Instead of optimizing with respect to returns, we may want to optimize with respect to a risk-adjusted metric, such as the Sharpe ratio. We can investigate the results of using different metrics for optimization with walk-forward analysis.

In walk-forward analysis we might add an additional metric to our arsenal, the walk-forward efficiency ratio (WFER). This ratio gives a sens of our system’s out-of-sample performance. If we were optimizing with respect to returns, we’d divide out-of-sample returns by the returns obtained by the optimized strategy. If this is greater than 1, our out-of-sample returns were higher than optimized returns, while if this is less than 1, out-of-sample returns are less than optimized returns. This can be applied to any metric we use for optimization, and gives a sense for how much our strategy tends to overfit. A low WFER suggests a high propensity to overfit. (Unfortunately, my code for WFER doesn’t seem to be correct right now.)

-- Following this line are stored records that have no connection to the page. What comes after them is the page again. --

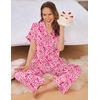 Ekouaer Silk Pajamas for Women 2 Piece Satin Pj Set Ruffle Tie Short Sleeve Sleepwear Comfy Loungewear with Pockets(Pink Bow)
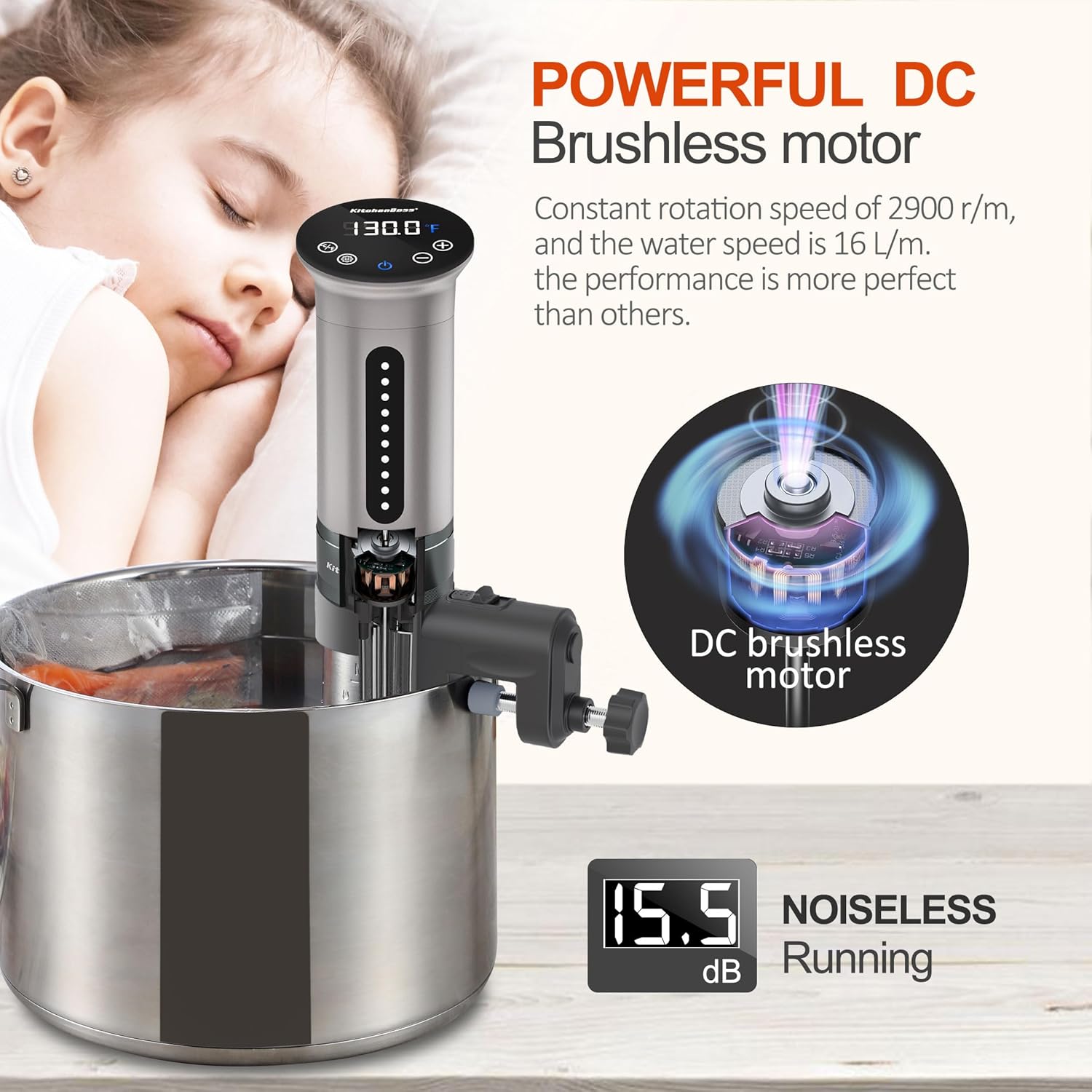 KitchenBoss Sous Vide Cooker Machine | 1100 Watts IPX7 Waterproof Sous-Vide G310/Silver | Suvee Cooker | Accurate Temperature Control Sous Vide Digital Display | Thermal Immersion Circulator - Image 3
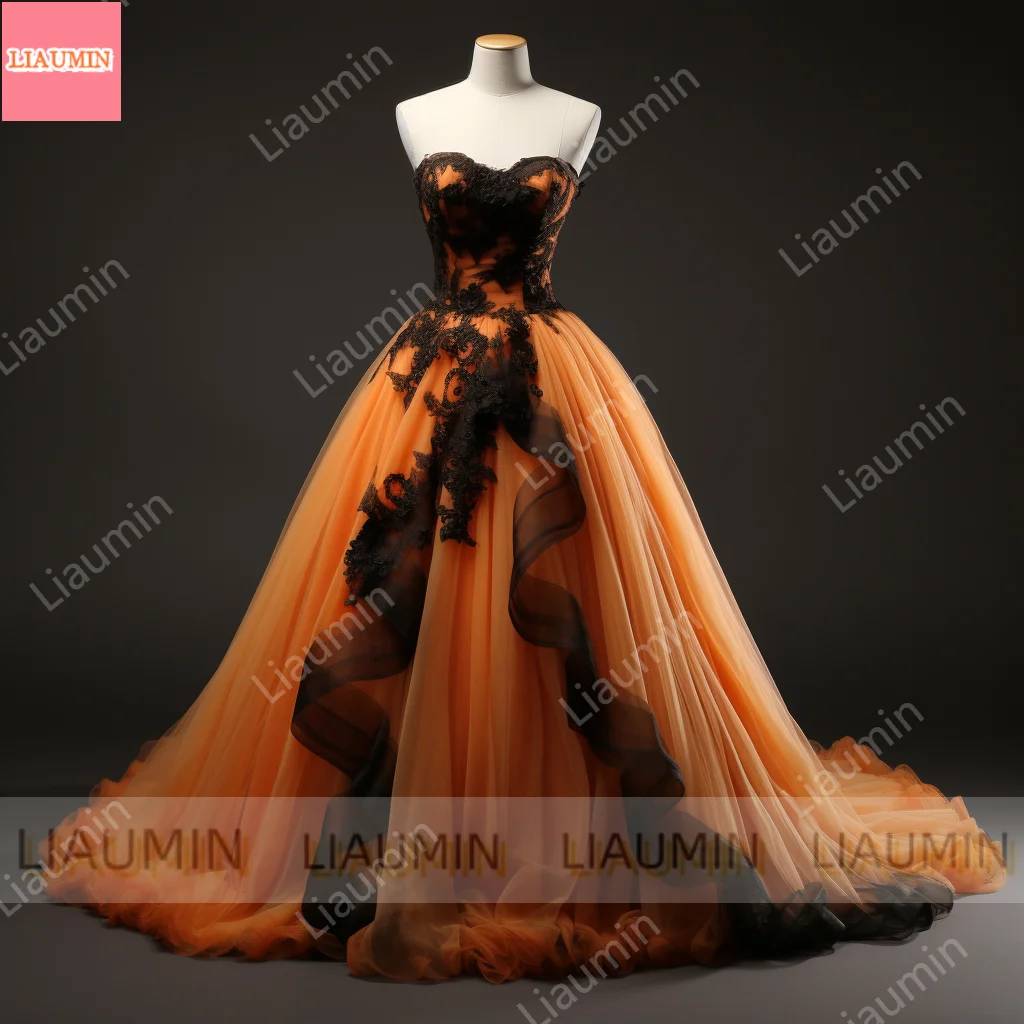 Orange and Black Lace Applique Tulle Ball Gown Full Length Evening Party Clothing Formal Prom Dress Hand Made Customized W2-16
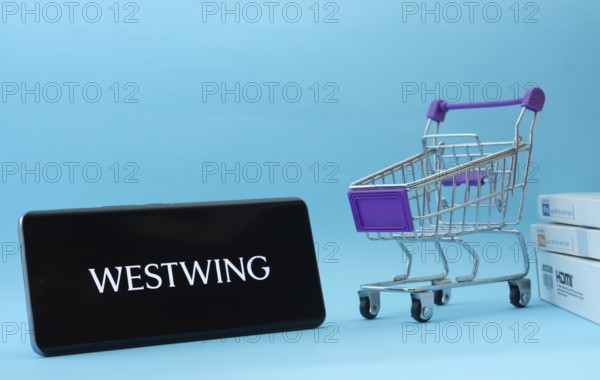 Dhaka, Bangladesh- 03 July 2025: Smartphone with Westwing logo next to a small shopping cart and boxes against a blue background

Below I create a function to automate the walk-forward analysis process. You pass the function a Cerebro object with everything added to it except the strategy and the data; these are passed as arguments to the function and will be handled by it. (You can only work with one strategy at a time.) All analyzers are combined together into one dictionary at the end of one iteration, and all of these dictionaries are returned in a list. If the dictionaries are all flat, this list can easily be converted to a pandas `DataFrame`.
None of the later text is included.